Sale: Christie’s, London, 3rd February 2010, lot 494
Purchased at the above sale by the present owner

Exhibited

Paris, Gallery Malingue, Lobo, 1988, no. 29, illustrated in colour in the catalogue

Literature

Joseph-Émile Muller, Lobo, Catalogue raisonné de l'œuvre sculpté, Paris, 1985, no. 354, illustration of another version p. 156

Catalogue Note

The study of the female nude and its use as an expressionist form is the backbone of Lobo’s work; both in terms of his representation of the bond between mother and child and an expression of the elegant sensuality of the female body.

Born in 1910 Baltasar Lobo started life in a world on the verge of being torn apart and put back together. Aged twelve he was taken in as an apprentice to the sculptor Ramon Nuñez. His passion for the art form quickly grew and in 1927, having won a scholarship to the School of Fine Art, Lobo moved from his home, Zamora, to Madrid to study. It was here that he was introduced to the work of Miró, Picasso and Gargallo and began to develop his unique artistic style. It was also during this time that Lobo became involved in the CNT movement and began to work for the Republic. At the end of the civil war and the rise of Franco’s dictatorship Lobo and his wife Mercedes Guillen fled Spain to start a new life in the heart of liberal Europe – Paris.

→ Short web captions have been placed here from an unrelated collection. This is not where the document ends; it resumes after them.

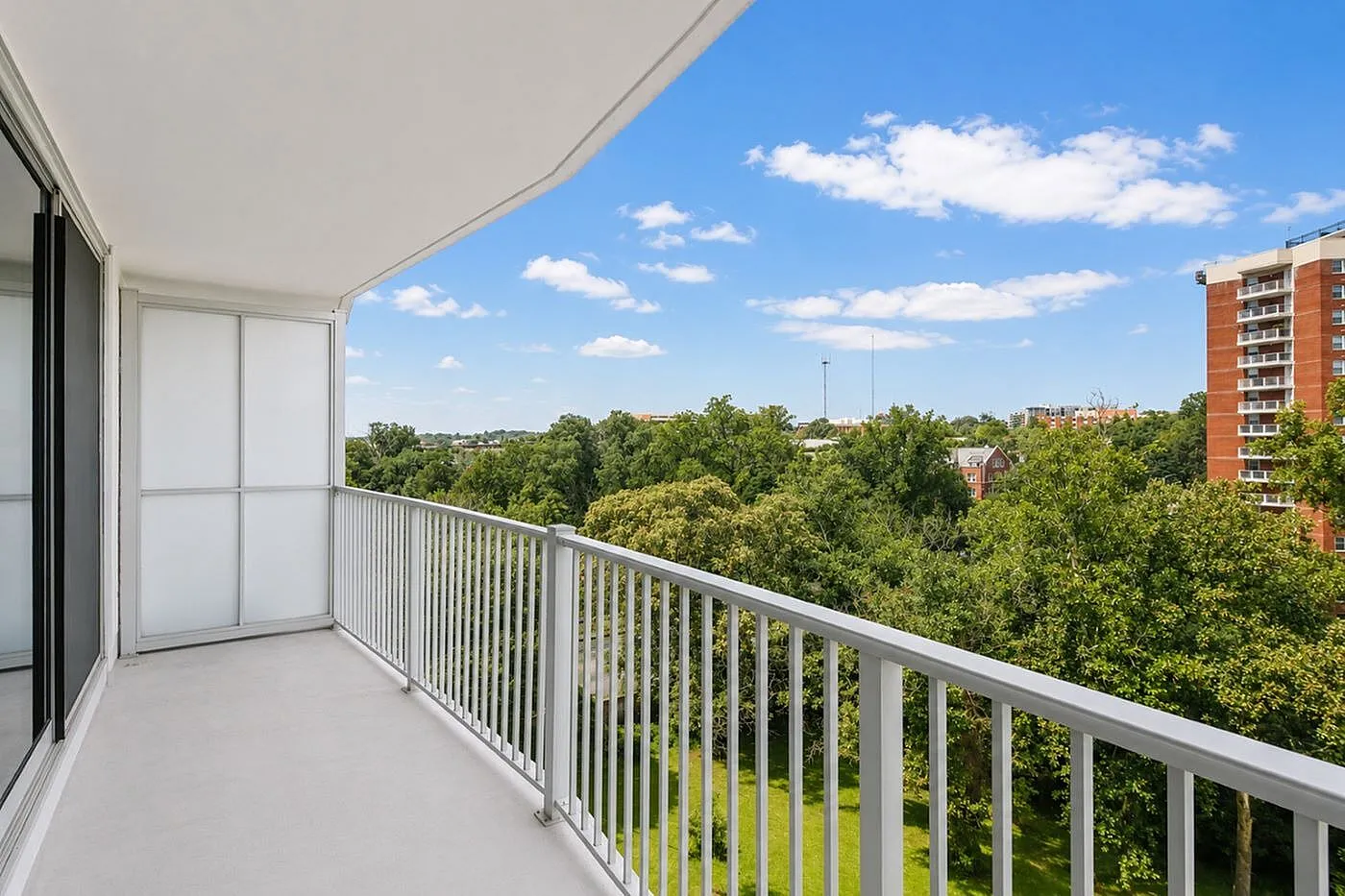 Luxurious balcony with stunning panoramic views of lush greenery and clear blue skies.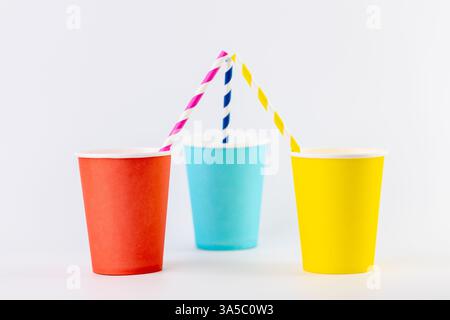 on white background there are three paper cups next to each other yellow red and blue with matching paper cocktail straws inside disposable tableware Stock Photo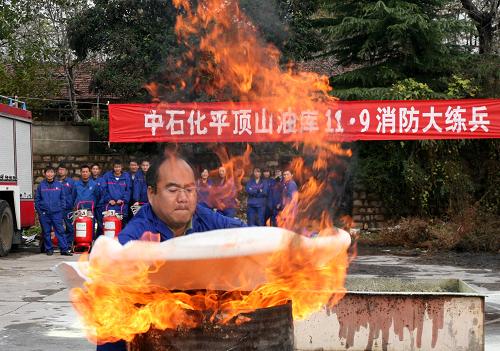 11月8日,演練人員使用滅火毯撲滅“油罐車灌口大火”。新華社發(fā)(王雙正 攝)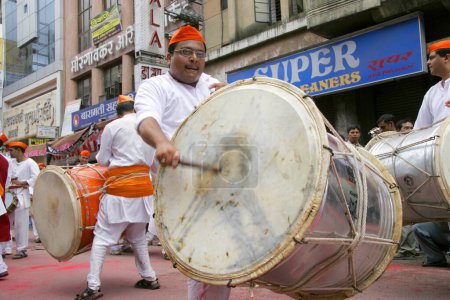Photo for Devotee of Lord Ganesh; the elephant headed God; playing a musical instrument  Dhol on the occasion of the immersion of procession of Lord Ganesh ganpati festival ; Pune ; Maharashtra ; India - Royalty Free Image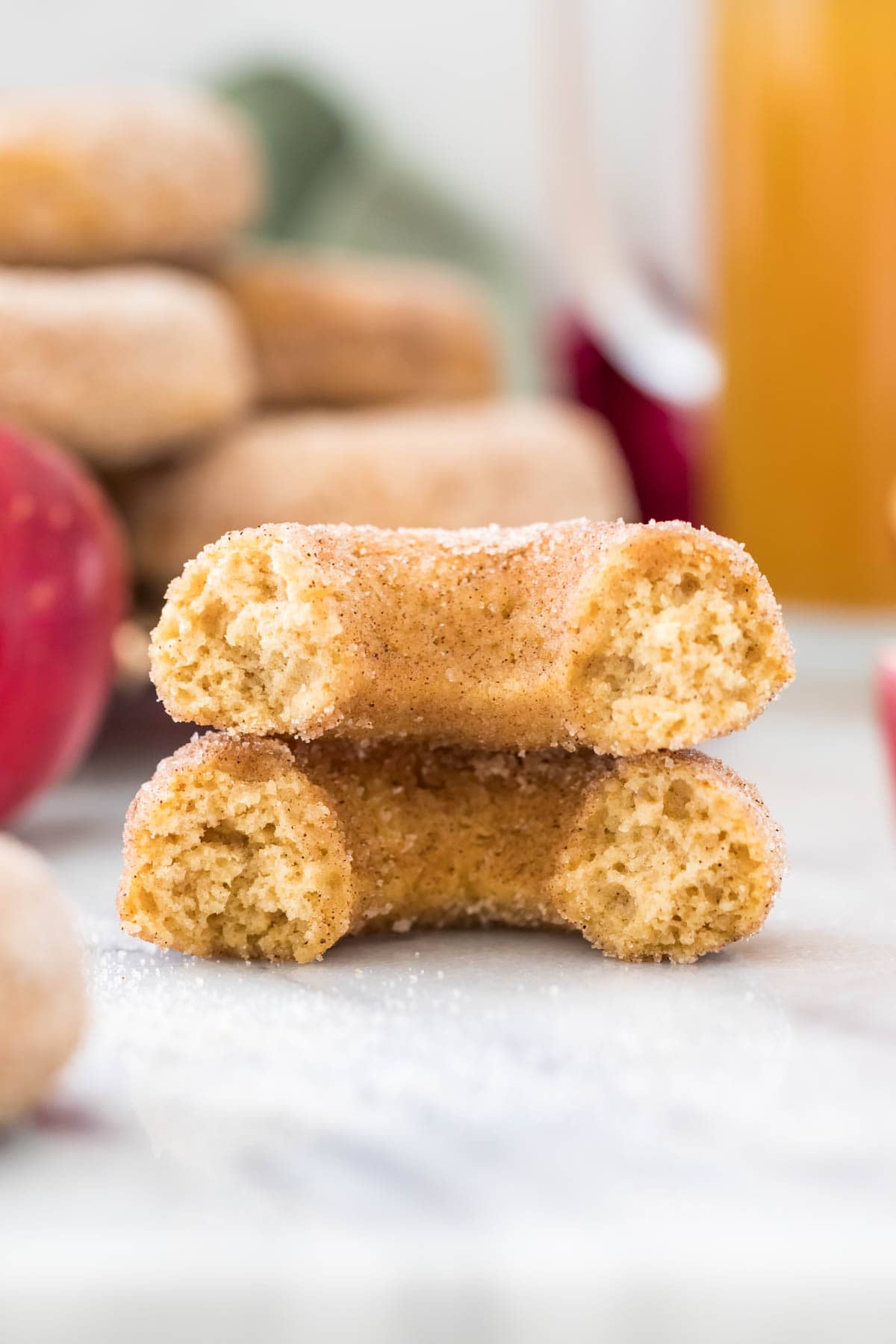 Close-up view of stacked halves of an apple cider donut on white marble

Having moved to Montparnasse Lobo immediately immersed himself in the exciting artistic movements taking over the city. Becoming friends with Pablo Picasso, Jacques Lipschitz and Henri Laurens (for whom he worked as an assistant) Lobo was able to feed off of their creativity and cultivate his own style. The relationships that he made in his first few years in Paris stayed with him for life. He exhibited alongside the Ecole de Paris in 1945 at the Galerie Vendôme and was thereafter accepted by the group putting works in the touring exhibitions in Tokyo, Oslo, Prague, Caracas and London.

Much like his contemporaries Jean Arp, Constantin Brancusi and Joan Miró Lobo was experimenting with the contours and shape of the female nude as a means of exploring abstraction. Like the modernists Picasso and Malevich, who through their work made significant reference to archaic and primitive forms of art, Lobo experimented with early Iberian sculpture in his most abstract works. His first solo exhibition was held in 1960 where the critics praised his work, especially Two Dead Spaniards which commented on the ferocity and terror of the Spanish Civil War. This work along with a number of others can now be found in public spaces in Madrid.

The simplistic form of Pièce d’eau highlights every aspect of Lobo’s practice and artistic ideal. Through the dark green patina and perfectly curved surfaces one can see and feel the serenity of the female nude. By only acknowledging the anatomy of the figure through smooth curves Lobo is able reduce the figure to its most simplified and naïve components to convey exquisite balance, form and femininity.